EXERCISE INSTRUCTIONS: Produce the records below again, word for word, but stop after the line that contains "Tomáš Plhoň čepuje".

Short text fragments from websites:
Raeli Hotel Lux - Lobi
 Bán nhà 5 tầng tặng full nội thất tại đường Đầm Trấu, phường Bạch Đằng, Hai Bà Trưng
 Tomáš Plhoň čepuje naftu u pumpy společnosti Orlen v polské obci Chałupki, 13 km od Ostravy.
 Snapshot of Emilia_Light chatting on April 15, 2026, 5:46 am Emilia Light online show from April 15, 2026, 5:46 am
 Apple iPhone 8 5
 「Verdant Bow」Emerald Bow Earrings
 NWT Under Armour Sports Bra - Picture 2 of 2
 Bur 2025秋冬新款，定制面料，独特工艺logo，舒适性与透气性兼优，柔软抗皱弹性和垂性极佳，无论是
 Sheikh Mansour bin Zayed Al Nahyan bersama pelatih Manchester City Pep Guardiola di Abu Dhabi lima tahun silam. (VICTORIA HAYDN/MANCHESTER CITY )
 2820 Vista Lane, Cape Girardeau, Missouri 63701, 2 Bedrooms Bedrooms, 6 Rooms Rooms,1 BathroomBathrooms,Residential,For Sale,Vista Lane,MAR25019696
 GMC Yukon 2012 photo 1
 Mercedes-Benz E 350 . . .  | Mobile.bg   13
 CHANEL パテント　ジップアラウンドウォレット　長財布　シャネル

SOLUTION TO THE PROBLEM:
Raeli Hotel Lux - Lobi
 Bán nhà 5 tầng tặng full nội thất tại đường Đầm Trấu, phường Bạch Đằng, Hai Bà Trưng
 Tomáš Plhoň čepuje naftu u pumpy společnosti Orlen v polské obci Chałupki, 13 km od Ostravy.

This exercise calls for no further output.